*Action item*
Include the line containing "Metal raised bed" and all lines before it, repeated exactly from the listing below, without pictures.

Material provided: Begin

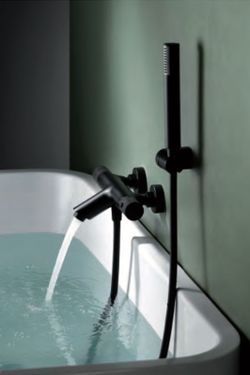 Torneira termostática para banheira e chuveiro série Line preto fosco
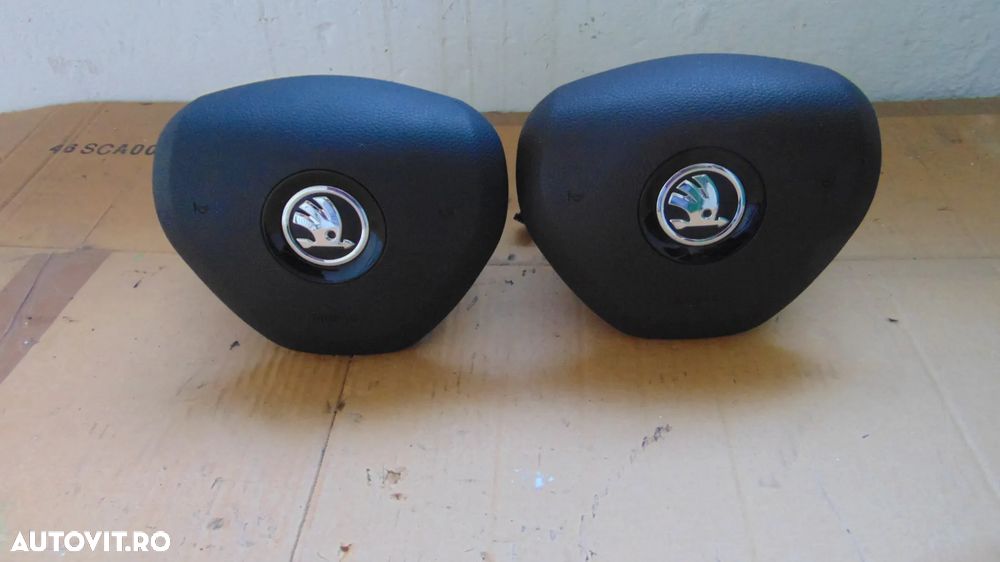 Airbag volan Skoda Roomster 5J,facelift,Skoda Superb,Skoda Octavia 3 an 2015 cod 3T0880201G/3T0880201F - 2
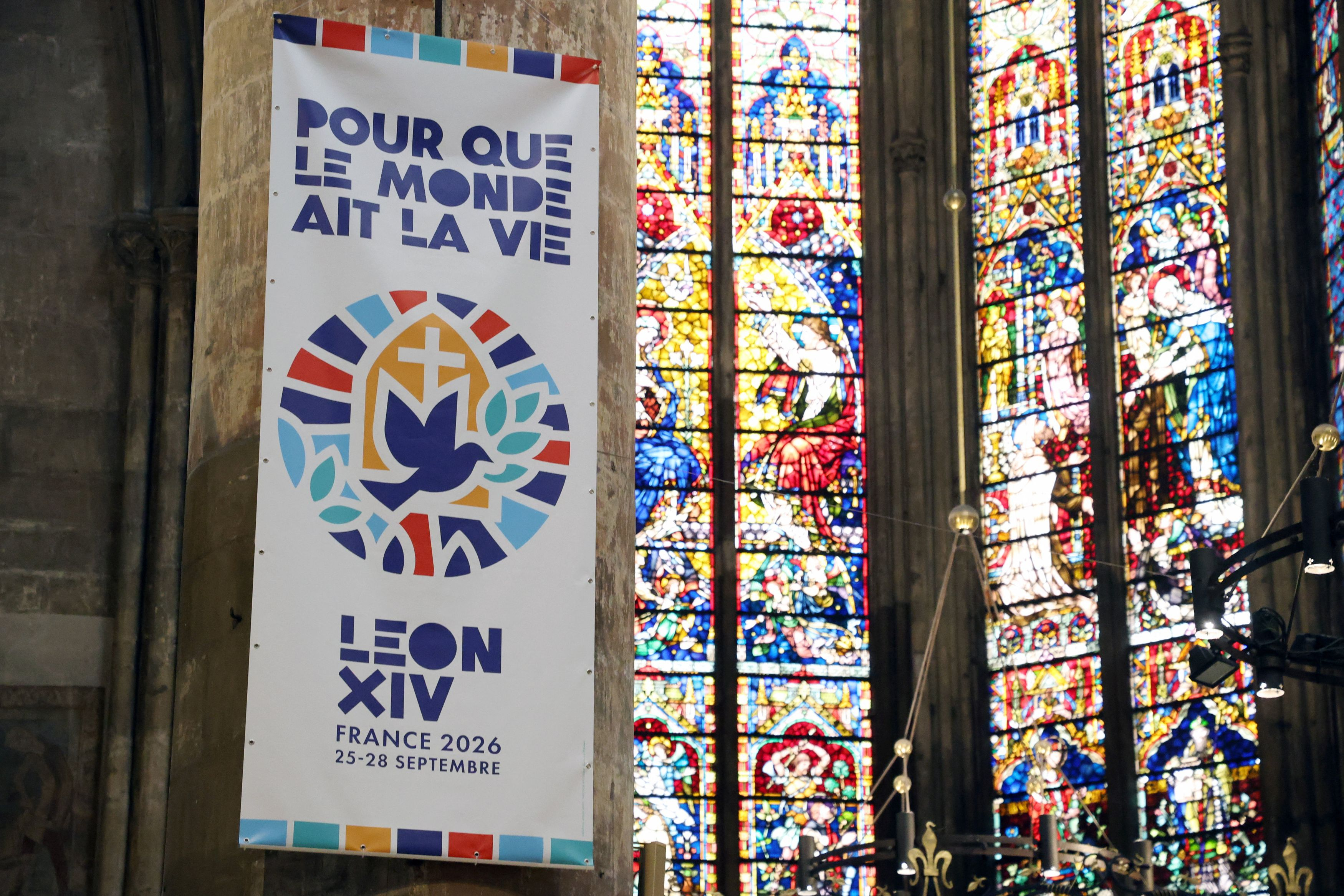 Un cartello della visita di Leone XIV nella Cattedrale di Metz / REUTERS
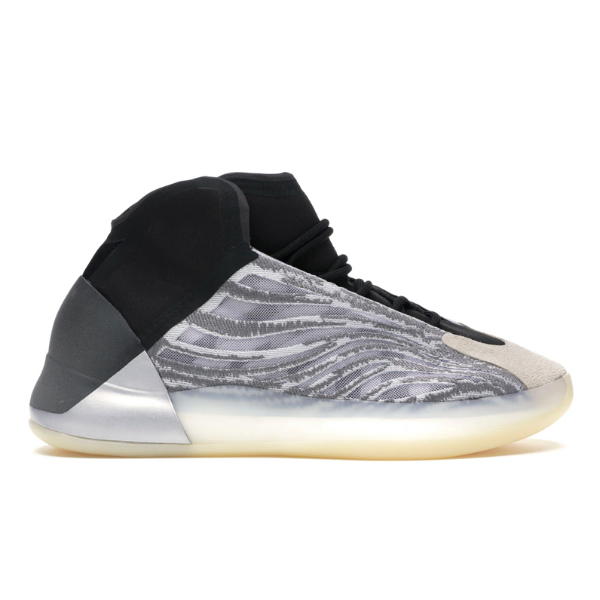 adidas adidas Yeezy QNTM Lifestyle Model
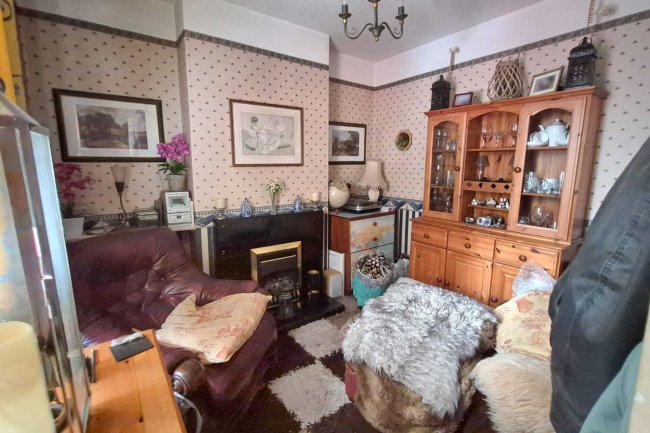 7 Etna Road, Bury St Edmunds, Suffolk, IP33 1JF 2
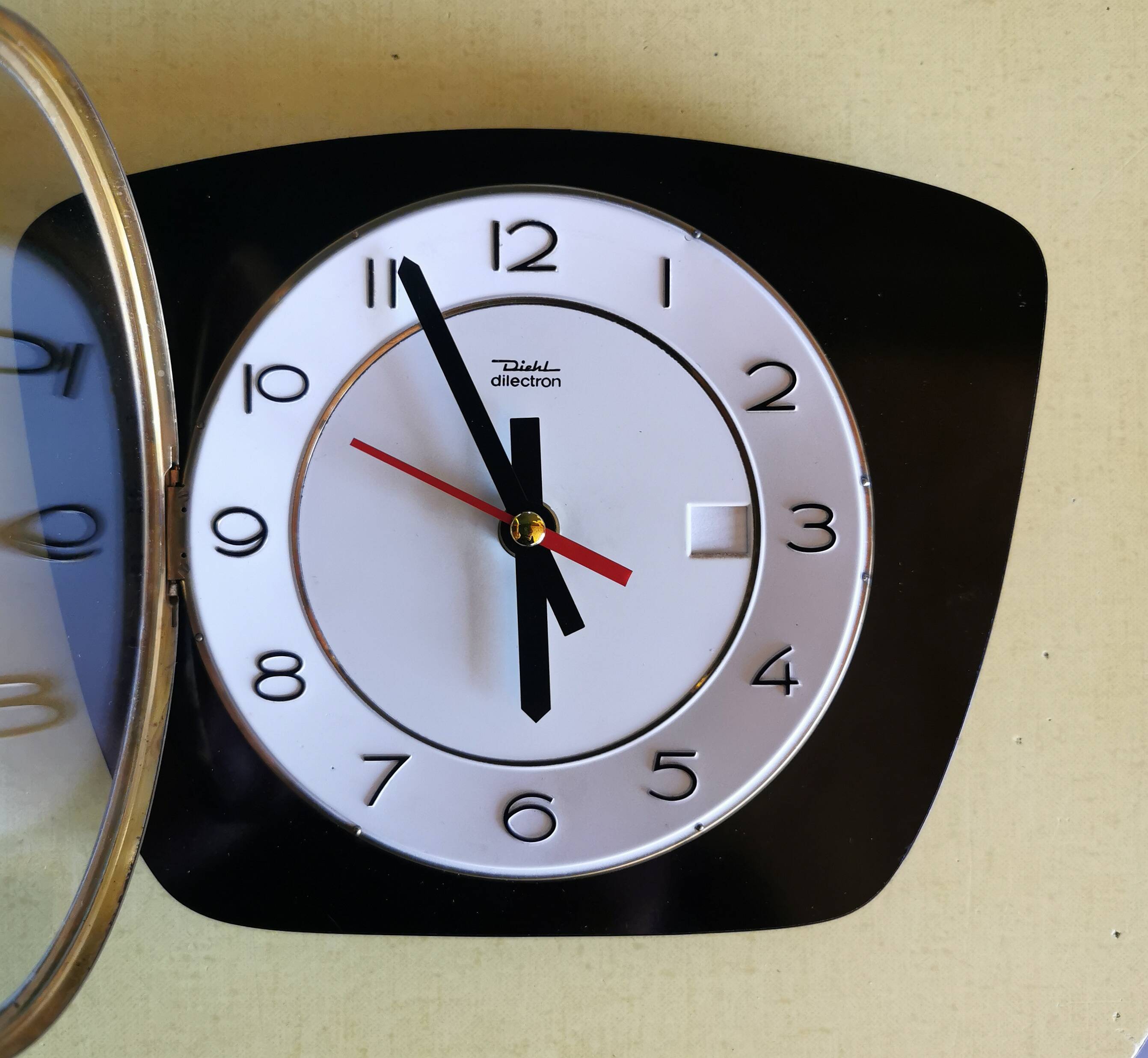 Vintage formica clock silent trapeze wall pendulum "Diehl black white"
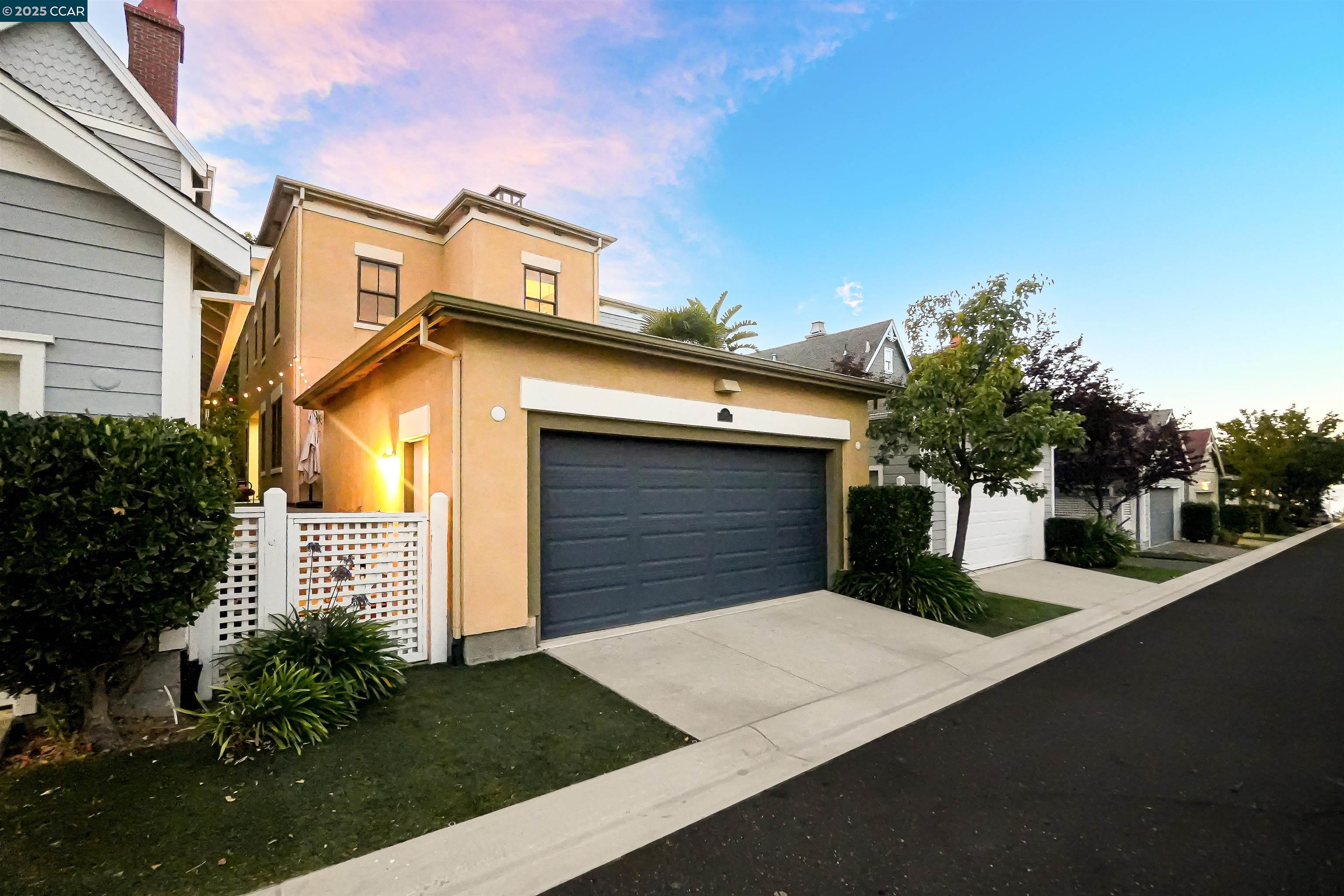 Detail Gallery Image 52 of 60 For 2165 Railroad Ave, Hercules,  CA 94547 - 4 Beds | 2/1 Baths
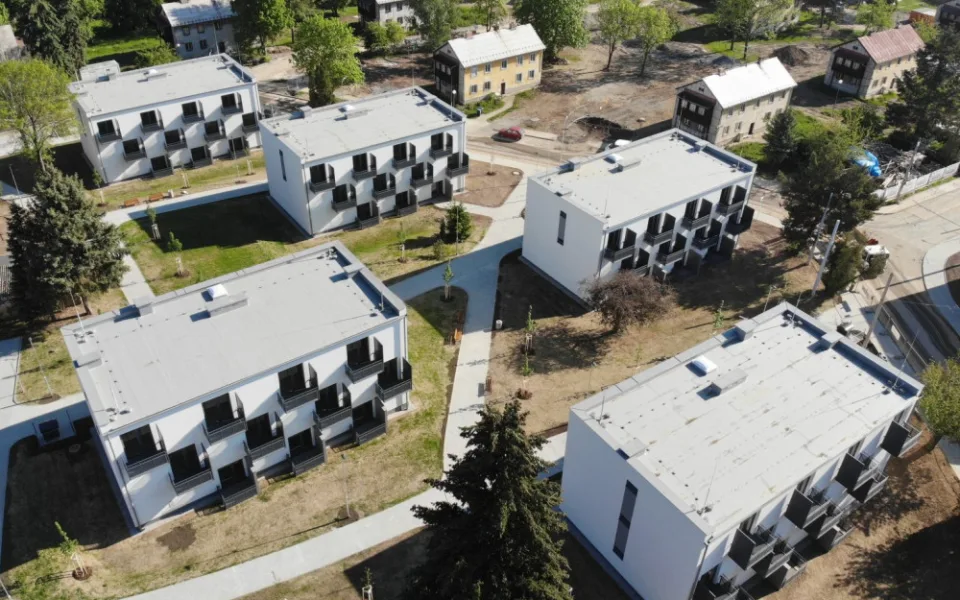 Loni město Plzeň dokončilo stavbu těchto 18 nových třípodlažních domů v lokalitě Zátiší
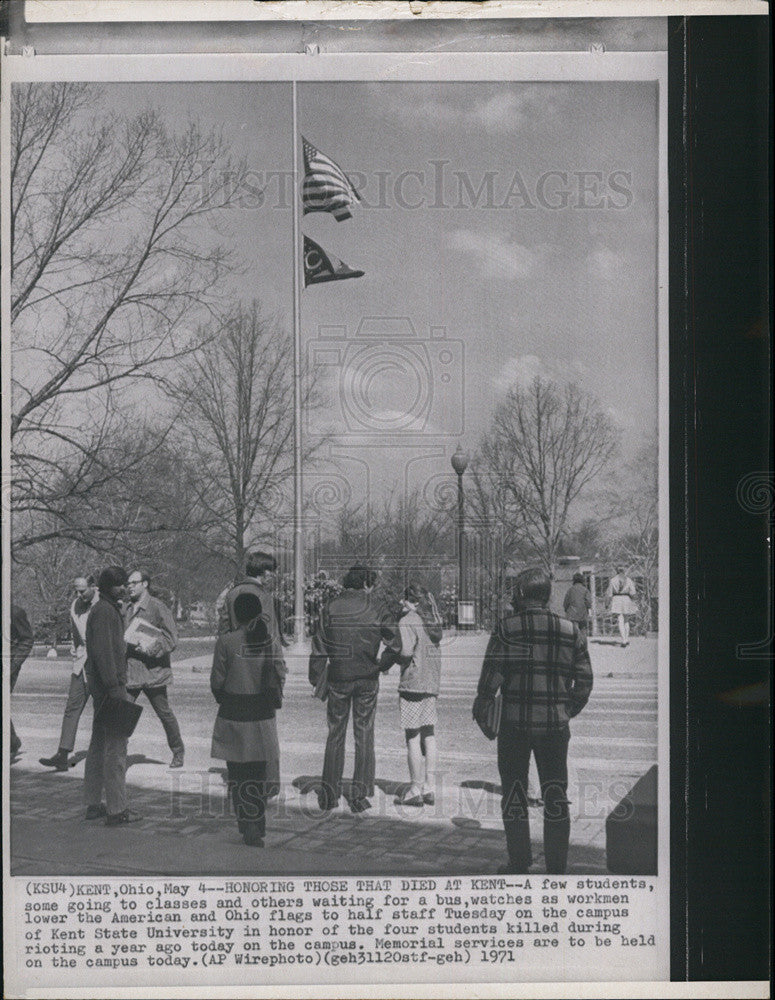 1971 Press Photo Workmen lower American and Ohio Flags at Kent State University - Historic Images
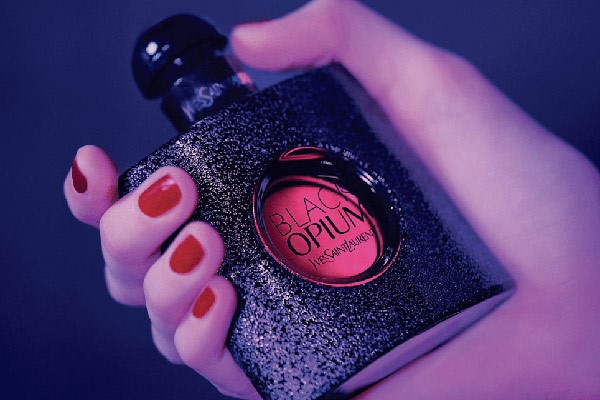 عطر شیرین زنانه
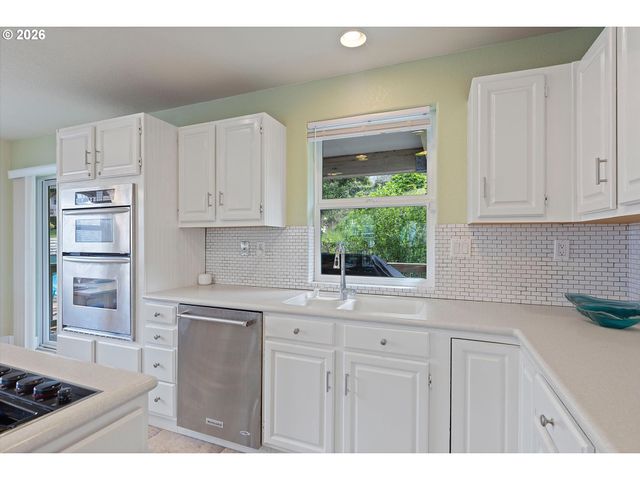 4486 Sw BEACH Ave, Lincoln City, OR 97367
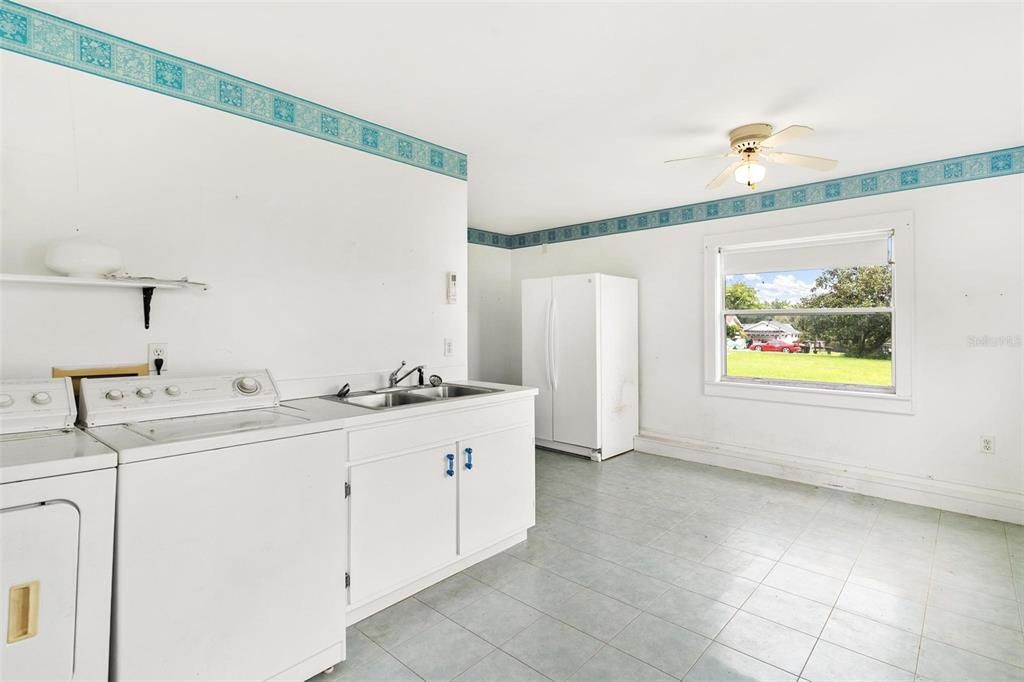 Interior, Washer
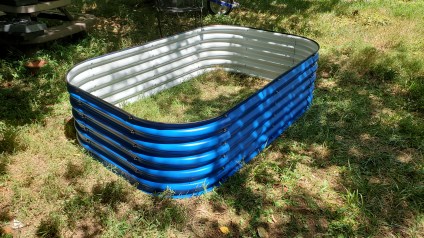 Metal raised bed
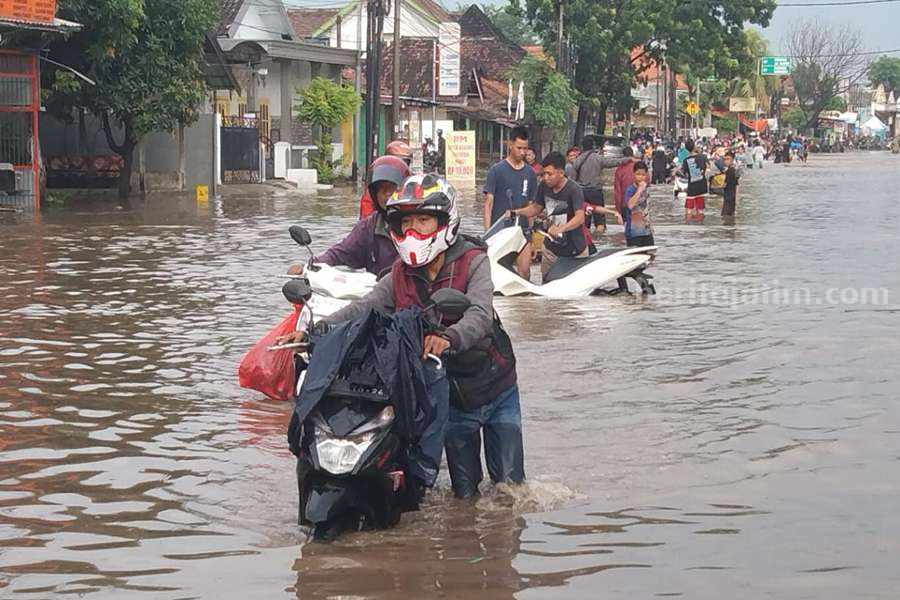 Banjir Lumpuhkan Jalur Pantura Pasuruan, Pemudik Terjebak Foto Berita Jatim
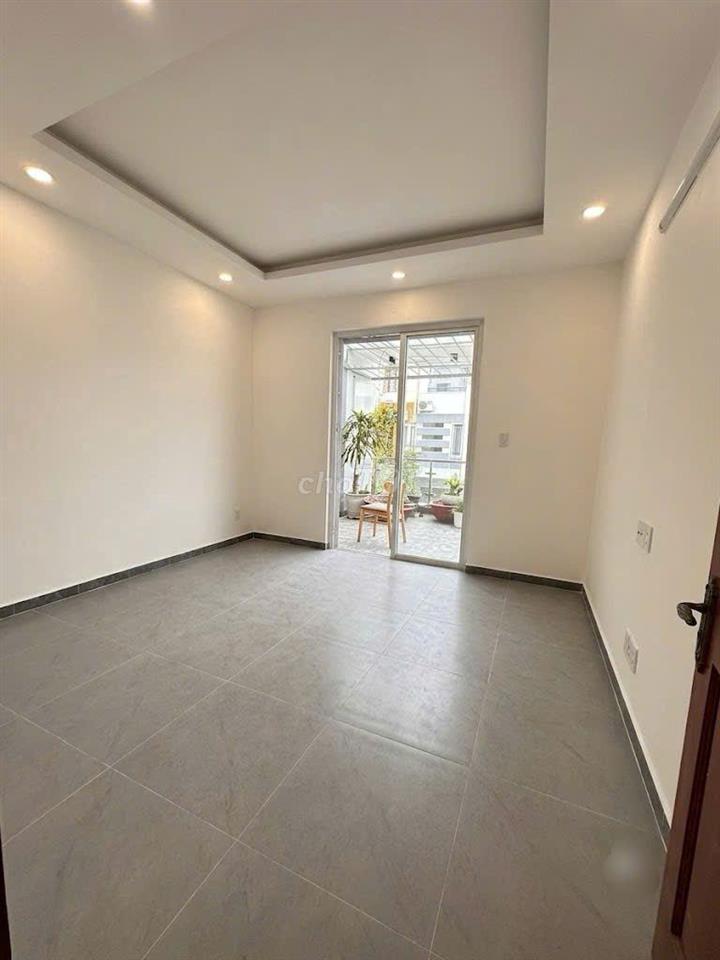 SIÊU HOT KHU VĂN PHÒNG- 31D Út Tịch, P4, Tân Bình- 4x20m,4 Tầng, 320m2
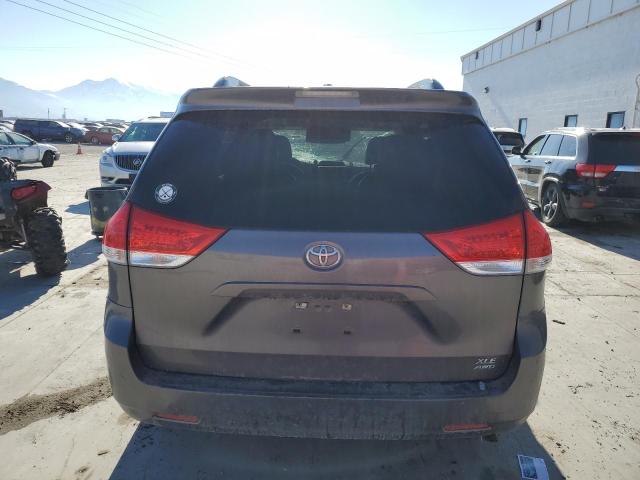 Photo 6 from auction – 2011 TOYOTA SIENNA XLE with VIN 5TDDK3DC6BS024708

Material provided: End

*Expected output*
 Torneira termostática para banheira e chuveiro série Line preto fosco
 Airbag volan Skoda Roomster 5J,facelift,Skoda Superb,Skoda Octavia 3 an 2015 cod 3T0880201G/3T0880201F - 2
 Un cartello della visita di Leone XIV nella Cattedrale di Metz / REUTERS
 adidas adidas Yeezy QNTM Lifestyle Model
 7 Etna Road, Bury St Edmunds, Suffolk, IP33 1JF 2
 Vintage formica clock silent trapeze wall pendulum "Diehl black white"
 Detail Gallery Image 52 of 60 For 2165 Railroad Ave, Hercules,  CA 94547 - 4 Beds | 2/1 Baths
 Loni město Plzeň dokončilo stavbu těchto 18 nových třípodlažních domů v lokalitě Zátiší
 1971 Press Photo Workmen lower American and Ohio Flags at Kent State University - Historic Images
 عطر شیرین زنانه
 4486 Sw BEACH Ave, Lincoln City, OR 97367
 Interior, Washer
 Metal raised bed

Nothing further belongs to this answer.